A trust works in the following way. If A asks B to look after a chocolate bar and give it to C the following day. If during the night B eats the chocolate bar, in the morning when C asks B for the chocolate bar, B will have to provide another chocolate bar to C. In this example A is the settlor, B is a trustee and C is the beneficiary.
Trusts allow for assets to be placed in them, such as property or money which is then held upon trust by the trustees for the beneficiaries. Beneficiaries could be the settlor, relatives, friends or a charity.
The legal ownership of the assets is transferred to the trustees, which places a responsibility upon them to manage appropriately the asset entrusted to them. Where this involves land two trustees are required.
Trust documents are drafted to allow the trustees to appropriately manage the items placed into the trust.

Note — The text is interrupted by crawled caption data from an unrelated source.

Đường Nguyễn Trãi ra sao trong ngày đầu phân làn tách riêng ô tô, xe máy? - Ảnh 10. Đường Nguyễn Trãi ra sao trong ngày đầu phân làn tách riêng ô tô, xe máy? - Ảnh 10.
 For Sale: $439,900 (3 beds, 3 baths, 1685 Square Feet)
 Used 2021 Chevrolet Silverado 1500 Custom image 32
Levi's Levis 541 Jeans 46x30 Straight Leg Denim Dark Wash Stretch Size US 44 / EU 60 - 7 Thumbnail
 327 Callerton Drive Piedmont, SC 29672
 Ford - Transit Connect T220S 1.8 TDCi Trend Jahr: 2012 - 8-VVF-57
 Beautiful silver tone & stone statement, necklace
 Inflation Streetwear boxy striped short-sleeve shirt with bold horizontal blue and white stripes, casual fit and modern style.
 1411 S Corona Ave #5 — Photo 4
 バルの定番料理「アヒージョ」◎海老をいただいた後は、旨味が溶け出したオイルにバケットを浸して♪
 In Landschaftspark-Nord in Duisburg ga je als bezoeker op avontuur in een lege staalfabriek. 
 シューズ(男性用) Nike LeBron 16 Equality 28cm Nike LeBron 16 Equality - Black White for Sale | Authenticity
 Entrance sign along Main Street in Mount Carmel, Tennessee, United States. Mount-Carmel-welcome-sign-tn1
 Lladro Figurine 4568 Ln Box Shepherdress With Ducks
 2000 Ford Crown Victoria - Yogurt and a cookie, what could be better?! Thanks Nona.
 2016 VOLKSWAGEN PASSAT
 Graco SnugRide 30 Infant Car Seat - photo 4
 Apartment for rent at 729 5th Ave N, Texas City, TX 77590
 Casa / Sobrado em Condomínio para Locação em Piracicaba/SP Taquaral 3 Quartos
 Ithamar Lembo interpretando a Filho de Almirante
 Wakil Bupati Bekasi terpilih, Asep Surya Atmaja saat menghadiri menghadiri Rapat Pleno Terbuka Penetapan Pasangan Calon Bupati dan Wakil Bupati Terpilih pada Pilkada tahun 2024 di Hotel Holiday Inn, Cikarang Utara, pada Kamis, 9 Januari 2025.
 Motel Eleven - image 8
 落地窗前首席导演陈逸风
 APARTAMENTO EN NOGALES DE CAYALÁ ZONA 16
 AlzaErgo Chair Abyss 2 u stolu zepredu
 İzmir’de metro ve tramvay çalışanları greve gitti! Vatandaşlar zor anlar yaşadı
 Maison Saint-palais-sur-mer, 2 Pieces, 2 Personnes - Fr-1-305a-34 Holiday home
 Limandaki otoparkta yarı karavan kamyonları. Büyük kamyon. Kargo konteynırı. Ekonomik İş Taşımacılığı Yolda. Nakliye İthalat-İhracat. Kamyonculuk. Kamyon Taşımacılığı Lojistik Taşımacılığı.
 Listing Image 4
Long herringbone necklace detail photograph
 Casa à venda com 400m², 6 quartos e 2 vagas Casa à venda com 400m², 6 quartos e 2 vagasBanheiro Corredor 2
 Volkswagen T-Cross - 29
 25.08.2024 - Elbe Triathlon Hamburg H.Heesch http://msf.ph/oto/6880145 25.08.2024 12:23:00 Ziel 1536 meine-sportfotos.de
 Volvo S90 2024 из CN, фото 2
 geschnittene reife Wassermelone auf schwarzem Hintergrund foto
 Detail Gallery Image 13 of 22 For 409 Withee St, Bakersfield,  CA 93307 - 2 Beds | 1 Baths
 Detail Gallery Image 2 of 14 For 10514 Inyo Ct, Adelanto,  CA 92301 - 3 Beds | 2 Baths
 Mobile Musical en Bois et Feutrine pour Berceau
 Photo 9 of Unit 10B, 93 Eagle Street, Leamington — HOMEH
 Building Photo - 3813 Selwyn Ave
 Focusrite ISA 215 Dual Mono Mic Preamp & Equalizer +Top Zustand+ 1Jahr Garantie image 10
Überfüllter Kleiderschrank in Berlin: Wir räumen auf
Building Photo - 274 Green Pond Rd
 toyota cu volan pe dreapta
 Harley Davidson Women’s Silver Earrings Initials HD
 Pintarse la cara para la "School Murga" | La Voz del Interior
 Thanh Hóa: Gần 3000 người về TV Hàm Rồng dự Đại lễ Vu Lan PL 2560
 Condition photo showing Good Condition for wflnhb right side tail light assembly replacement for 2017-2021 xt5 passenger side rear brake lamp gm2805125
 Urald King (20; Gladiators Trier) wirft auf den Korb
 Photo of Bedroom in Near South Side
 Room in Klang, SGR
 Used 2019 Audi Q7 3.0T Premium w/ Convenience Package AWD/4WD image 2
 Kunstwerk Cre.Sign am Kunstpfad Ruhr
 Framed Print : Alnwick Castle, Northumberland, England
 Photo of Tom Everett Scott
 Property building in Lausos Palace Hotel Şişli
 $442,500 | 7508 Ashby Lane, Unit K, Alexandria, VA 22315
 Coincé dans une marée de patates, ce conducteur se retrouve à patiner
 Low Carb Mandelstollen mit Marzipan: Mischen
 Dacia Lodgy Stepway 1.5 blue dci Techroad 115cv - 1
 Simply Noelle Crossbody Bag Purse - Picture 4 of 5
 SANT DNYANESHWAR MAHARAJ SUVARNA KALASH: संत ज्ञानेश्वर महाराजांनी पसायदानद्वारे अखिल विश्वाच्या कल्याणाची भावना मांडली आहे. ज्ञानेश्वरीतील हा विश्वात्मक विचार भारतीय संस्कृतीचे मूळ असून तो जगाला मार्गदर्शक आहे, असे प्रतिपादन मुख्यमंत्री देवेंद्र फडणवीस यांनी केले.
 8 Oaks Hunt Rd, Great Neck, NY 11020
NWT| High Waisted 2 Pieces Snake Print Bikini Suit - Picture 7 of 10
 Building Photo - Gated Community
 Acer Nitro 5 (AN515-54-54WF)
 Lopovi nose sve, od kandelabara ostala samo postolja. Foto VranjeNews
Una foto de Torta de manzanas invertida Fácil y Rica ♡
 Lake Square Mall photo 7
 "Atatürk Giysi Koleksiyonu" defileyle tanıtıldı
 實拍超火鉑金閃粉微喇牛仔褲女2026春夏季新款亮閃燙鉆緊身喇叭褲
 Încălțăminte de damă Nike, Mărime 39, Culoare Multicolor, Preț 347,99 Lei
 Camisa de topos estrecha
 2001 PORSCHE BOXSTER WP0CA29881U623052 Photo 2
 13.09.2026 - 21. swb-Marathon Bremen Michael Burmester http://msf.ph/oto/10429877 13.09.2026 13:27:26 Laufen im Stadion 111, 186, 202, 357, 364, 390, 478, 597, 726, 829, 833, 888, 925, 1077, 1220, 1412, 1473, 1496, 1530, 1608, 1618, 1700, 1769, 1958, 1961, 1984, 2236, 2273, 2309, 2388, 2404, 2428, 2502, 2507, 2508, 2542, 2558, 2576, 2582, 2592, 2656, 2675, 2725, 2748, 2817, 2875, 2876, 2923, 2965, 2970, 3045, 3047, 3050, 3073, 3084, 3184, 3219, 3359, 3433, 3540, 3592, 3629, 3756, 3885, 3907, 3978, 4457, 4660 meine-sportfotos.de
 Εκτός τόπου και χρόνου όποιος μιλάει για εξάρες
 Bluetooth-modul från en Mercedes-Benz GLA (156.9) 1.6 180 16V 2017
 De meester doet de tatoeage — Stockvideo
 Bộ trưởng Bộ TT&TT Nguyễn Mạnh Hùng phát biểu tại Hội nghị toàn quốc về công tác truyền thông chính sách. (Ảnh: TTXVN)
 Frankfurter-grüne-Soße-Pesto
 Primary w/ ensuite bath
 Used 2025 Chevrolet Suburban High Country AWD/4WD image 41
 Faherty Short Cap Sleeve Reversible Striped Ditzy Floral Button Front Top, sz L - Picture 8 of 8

In most instances a regular set of administrative provisions are used. Albeit specific administrative powers may be given to the trustees as instructed by the settlor.
A person appointed as a trustee holds the assets on behalf of the beneficiaries. Although in law they legally own the property or assets, this ownership is recognised as temporary in nature. Trustees have fiduciary obligations which include; not profiting from their position, ensuring there is no conflict of interest when making decisions, only reimbursing themselves for incurred expenses from the trust unless the trust document provides for them to charge.
Trustees ideally should be chosen with care as they are being entrusted usually with significant assets or property. Where a trustee abuses their position, the beneficiaries may personally seek compensation against the errant trustee.